Birds Die Too In Kate Chopin's "Story of the Hour", several elements contribute to the overall meaning of the story itself. Her death is foreshadowed in the beginning when it mentions that she was "afflicted with heart trouble." Because of this, when her sister told her that her husband had died, it was done so delicately. After Mrs. Mallard is told, is where the story really begins to set a tone of elegiac settings, and how she is expressing herself is in direct contrast to weather, i.

e. 'the storm of grief." When Mrs. Mallard goes to her room and sits down to rest, she begins to notice how lovely the weather is outside, and here the tone takes a sudden change from elegiac to soothing and peaceful. She notices the trees that are "aquiver with new spring life" and the "delicious breath of rain." Not only are these segments directly related to her change of emotion, but they are also foreshadowing the Bir joy she will feel momentarily. She begins to realize she is "free" from whatever responsibilities she held to her husband, and is consumed with "monstrous joy" that she will be living "for herself." Other symbols besides the weather, is also the bird she first notices when she first retires to her room to be alone with her grief. The birds are happy, singing, and carefree of any limitations.

Also the door when her sister, Louise, begs her to open the door. She is also symbolically opening the door to her new life, the one she will live in total liberation with the restraints of her husband. She begins to also look at life with new eyes, seeing it in a different light, no longer seeing as a life of repression. She loved him, but not as much as she suddenly loves herself. This is a reaction that should be expected from her, however, it is not widely popular (due to when this story was written). She had been married expecting to live her life playing the perfect little wife, and had actually almost managed to convince herself that she enjoyed it.

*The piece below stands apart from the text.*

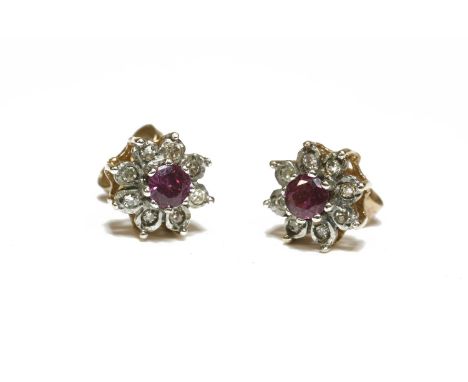 A pair of 9ct gold circular cut ruby and diamond cluster earrings, 1.75g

However, when she realizes her freedom, she is ecstatic, as any sane person would be. And even though her husband was obviously a good, kind man whom she "never looked upon with anything but love" she was still not living for herself, and no one can be truly happy if they aren't happy with themselves first. Ironically, once she begins to descend from the stairs like a "goddess of Victory" who is now not only ready to stand to any trials life throws at her-but is also excited to do so, someone turns the key latch. A visitor coming to console her of her husbands death? No, it is her husband herself. She then has a heart attack and is proclaimed dead of "the joy that kills," in other words; she was so overcome with joy at seeing her husband alive, that she died. Obviously in reality it was quite the contrary.

She was overcome with the sudden reality of oppression that did in fact await her in the years to come, that she did not escape. After all, birds die too.